What to produce
Produce a word-for-word copy of the line that contains "Cannabliss Arthritis Relief" and each line after it through the end of the material, omitting pictures and all other lines.

----- Data records

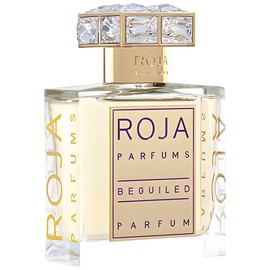 perfume Beguiled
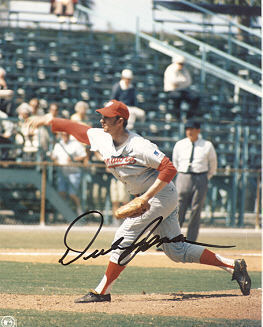 File:Dick Bosman pitching.jpg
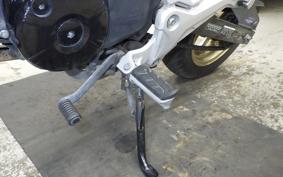 HONDA GROM JC75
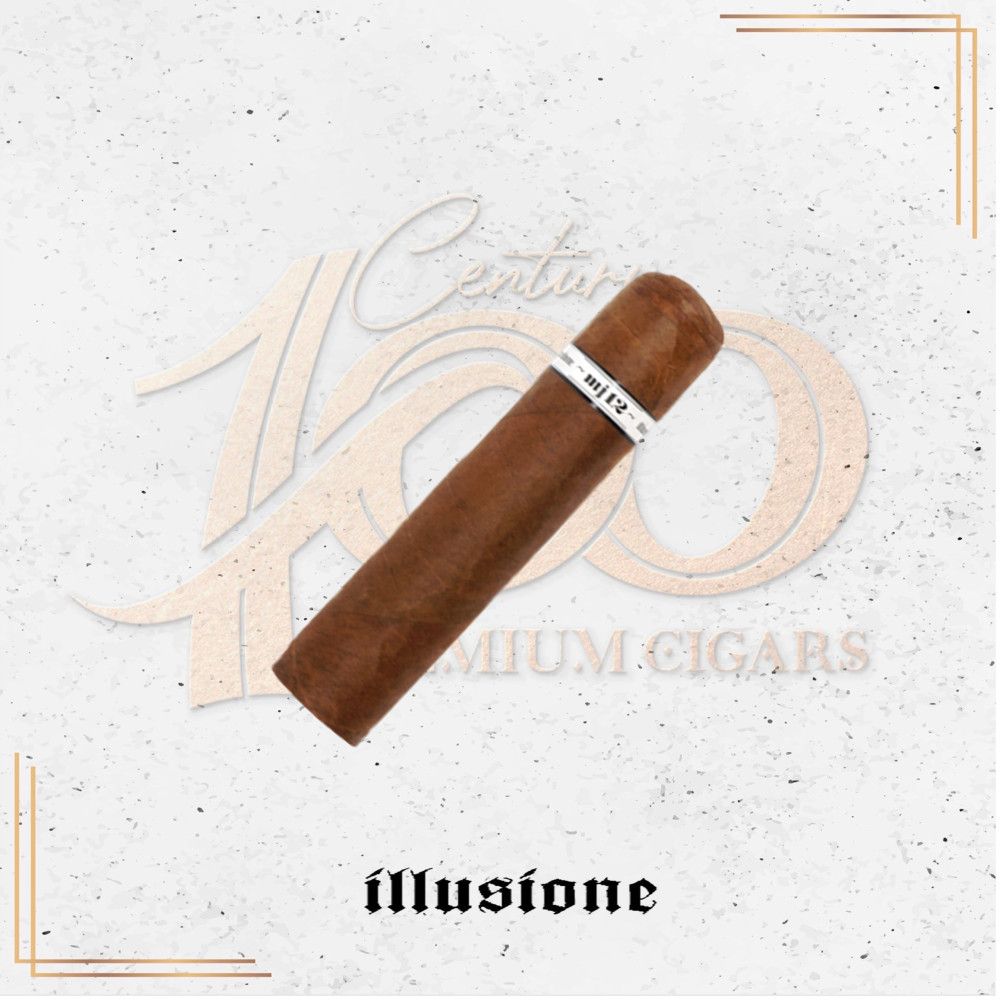 Illusione - Original Documents - MK Teaching Machine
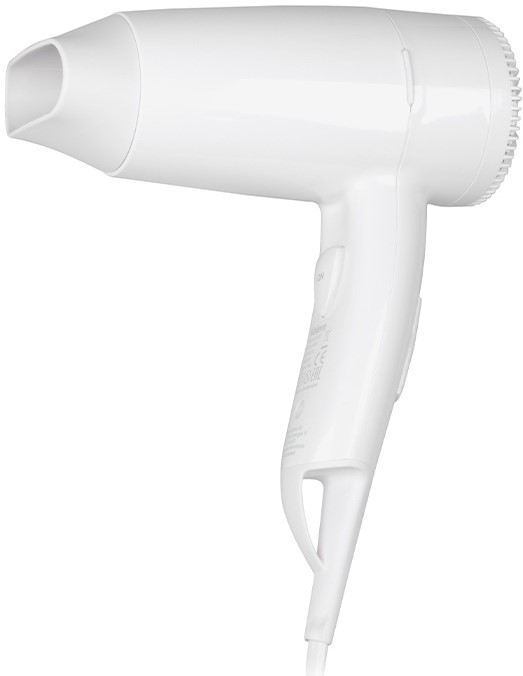 Σεσουάρ μαλλιών Valera Premium Smart 1600 Shaver ξενοδοχείου φωτογραφία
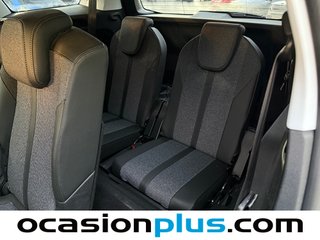 Peugeot 5008 BlueHDi 130 S&S Allure 96 kW (130 CV)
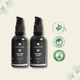 Cannabliss Arthritis Relief 100Ml | Pack of 2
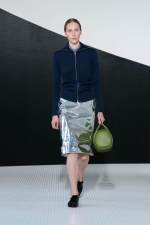 photo: Alessandro Lucioni / Gorunway.com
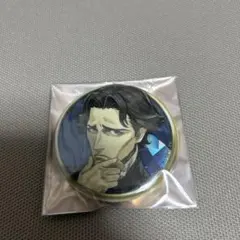 ✨希少✨☺️新品☺️人狼ジャッジメント☆ショーン SP2 赤 ホロ有り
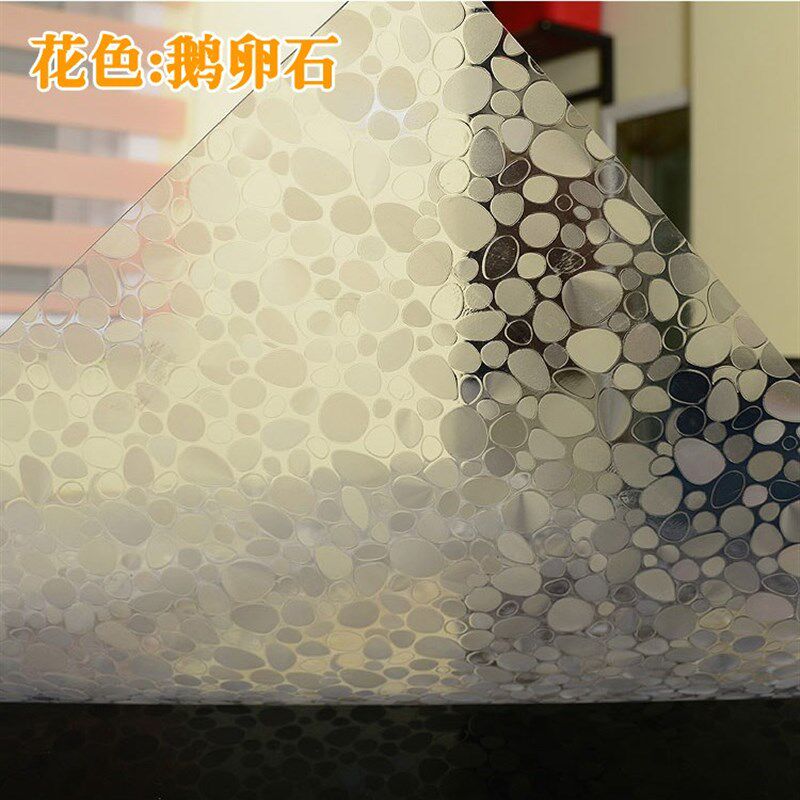 透明软玻璃台垫防水茶几垫隔热垫塑胶花纹餐台桌布防油桌面垫定制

----------

Result
 Cannabliss Arthritis Relief 100Ml | Pack of 2
 photo: Alessandro Lucioni / Gorunway.com
 ✨希少✨☺️新品☺️人狼ジャッジメント☆ショーン SP2 赤 ホロ有り
 透明软玻璃台垫防水茶几垫隔热垫塑胶花纹餐台桌布防油桌面垫定制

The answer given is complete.